A Significant Majority Of Democrats And Republicans Support Strong Consumer Protection Regulations And Tougher Rules For Wall Street

It has been ten years since the Wall Street Reform and Consumer Protection Act (Dodd-Frank) was signed. Given the complex nature of rule writing and the fact that fifteen regulators were involved, not all rules were finalized or implemented. Since Trump came into power, many of the rules that were finalized have been tailored and watered down. Yet, in the vast majority of both Democratic and Republican voters want strong consumer financial protections and tough regulation of the financial services industry.

Yesterday, in an Americans for Financial Reform and  Center for Responsible Lending sponsored-event, Lake Research Partners presented polling data, which shows that when in comes to a desire for tougher regulations for Wall Street, the word bipartisanship still exists.

Lake Research Partners’ key findings were:

·      Over nine in ten voters (91%) say it is important to regulate financial services and products to ensure they are fair to consumers, including 68% who say it is very important.

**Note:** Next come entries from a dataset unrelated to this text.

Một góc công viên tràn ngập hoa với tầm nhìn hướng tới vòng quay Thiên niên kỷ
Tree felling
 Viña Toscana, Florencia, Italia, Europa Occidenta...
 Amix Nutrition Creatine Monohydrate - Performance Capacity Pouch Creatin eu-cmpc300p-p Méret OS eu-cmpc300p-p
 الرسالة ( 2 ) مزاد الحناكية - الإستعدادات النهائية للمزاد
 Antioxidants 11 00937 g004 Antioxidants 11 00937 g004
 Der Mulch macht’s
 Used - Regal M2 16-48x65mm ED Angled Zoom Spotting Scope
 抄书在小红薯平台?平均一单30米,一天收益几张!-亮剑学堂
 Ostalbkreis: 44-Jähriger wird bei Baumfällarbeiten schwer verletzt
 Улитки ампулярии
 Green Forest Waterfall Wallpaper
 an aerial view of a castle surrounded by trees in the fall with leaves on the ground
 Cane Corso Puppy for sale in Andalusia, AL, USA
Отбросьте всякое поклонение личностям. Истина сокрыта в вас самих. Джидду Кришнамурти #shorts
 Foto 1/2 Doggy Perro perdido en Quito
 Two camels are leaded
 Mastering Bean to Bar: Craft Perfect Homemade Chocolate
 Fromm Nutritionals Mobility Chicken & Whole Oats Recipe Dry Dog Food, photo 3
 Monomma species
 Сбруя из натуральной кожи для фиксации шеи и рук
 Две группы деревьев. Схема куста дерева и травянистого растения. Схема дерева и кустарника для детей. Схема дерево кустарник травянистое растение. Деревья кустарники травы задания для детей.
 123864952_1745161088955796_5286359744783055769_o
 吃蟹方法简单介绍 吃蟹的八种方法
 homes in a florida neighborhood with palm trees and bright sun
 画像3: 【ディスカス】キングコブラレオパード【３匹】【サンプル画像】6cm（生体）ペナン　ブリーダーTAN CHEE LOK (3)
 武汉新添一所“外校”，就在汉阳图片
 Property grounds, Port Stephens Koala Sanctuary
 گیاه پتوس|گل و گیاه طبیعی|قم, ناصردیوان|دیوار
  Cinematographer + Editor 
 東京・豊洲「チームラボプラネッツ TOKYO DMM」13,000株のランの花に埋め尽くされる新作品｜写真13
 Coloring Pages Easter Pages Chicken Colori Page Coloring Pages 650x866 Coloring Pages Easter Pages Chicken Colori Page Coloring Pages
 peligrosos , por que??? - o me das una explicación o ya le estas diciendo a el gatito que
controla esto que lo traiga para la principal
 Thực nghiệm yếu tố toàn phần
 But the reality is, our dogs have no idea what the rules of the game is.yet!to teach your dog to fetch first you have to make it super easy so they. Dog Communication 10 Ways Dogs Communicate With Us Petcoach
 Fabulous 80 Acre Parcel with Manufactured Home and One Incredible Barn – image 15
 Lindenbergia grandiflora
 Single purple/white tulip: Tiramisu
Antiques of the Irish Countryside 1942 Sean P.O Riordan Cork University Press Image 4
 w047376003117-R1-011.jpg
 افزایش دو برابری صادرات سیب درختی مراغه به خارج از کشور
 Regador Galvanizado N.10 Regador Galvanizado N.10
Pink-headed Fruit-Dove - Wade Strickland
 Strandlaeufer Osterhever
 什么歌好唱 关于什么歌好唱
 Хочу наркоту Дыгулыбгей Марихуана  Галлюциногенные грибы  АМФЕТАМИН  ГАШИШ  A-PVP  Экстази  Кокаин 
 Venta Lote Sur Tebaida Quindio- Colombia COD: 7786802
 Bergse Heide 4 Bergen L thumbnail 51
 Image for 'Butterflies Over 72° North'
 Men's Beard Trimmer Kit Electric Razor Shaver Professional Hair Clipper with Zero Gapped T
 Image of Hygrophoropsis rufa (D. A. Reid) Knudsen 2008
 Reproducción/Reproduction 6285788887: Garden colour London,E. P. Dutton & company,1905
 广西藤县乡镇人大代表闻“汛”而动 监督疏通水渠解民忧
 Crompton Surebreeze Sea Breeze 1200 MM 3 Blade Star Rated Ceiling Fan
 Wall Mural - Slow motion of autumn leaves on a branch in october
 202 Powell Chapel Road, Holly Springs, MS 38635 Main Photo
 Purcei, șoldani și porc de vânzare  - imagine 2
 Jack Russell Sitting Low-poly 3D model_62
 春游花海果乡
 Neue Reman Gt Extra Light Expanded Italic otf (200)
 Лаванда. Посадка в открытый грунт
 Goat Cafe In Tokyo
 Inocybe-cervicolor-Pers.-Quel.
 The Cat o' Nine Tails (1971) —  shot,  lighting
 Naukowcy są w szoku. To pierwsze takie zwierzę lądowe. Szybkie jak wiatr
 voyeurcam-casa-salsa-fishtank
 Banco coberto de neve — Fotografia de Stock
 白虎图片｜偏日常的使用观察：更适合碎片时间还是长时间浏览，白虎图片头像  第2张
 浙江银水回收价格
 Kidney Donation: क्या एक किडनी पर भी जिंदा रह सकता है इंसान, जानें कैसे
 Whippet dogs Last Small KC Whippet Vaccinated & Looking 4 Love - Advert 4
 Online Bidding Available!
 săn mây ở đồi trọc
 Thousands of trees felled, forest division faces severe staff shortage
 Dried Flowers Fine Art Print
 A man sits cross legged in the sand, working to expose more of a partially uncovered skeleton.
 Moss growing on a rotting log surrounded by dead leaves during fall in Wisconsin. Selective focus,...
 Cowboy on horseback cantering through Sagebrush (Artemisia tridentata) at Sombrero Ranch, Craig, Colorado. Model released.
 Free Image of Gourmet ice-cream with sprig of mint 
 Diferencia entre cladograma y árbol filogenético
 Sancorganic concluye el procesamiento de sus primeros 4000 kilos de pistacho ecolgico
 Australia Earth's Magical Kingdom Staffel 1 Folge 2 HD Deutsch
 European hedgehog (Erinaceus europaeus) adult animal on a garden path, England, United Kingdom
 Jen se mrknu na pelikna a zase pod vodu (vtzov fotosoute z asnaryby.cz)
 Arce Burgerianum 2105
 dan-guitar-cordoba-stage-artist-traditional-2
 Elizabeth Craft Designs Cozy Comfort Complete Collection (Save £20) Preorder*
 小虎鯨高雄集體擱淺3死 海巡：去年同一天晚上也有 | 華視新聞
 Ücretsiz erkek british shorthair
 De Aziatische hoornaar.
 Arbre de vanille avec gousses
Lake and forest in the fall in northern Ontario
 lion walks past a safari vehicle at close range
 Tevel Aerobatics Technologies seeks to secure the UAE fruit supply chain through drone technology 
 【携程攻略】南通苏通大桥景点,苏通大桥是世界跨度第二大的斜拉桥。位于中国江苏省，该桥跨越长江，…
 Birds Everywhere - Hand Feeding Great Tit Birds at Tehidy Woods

·      Nearly three-quarters of voters (74%) believe that Wall Street financial companies should be held accountable with tougher rules and enforcement, while only one in ten (10%) believe that their practices have changed enough that they don’t need further regulation.

·      More than half of voters feel that Wall Street and big corporations have gotten too much help from the government in response to the COVID-19 crisis (56%), while less than one in ten (8%) believe that they did not get enough help. Less than a quarter (23%) of voters feel that Wall Street received about the right about of aid.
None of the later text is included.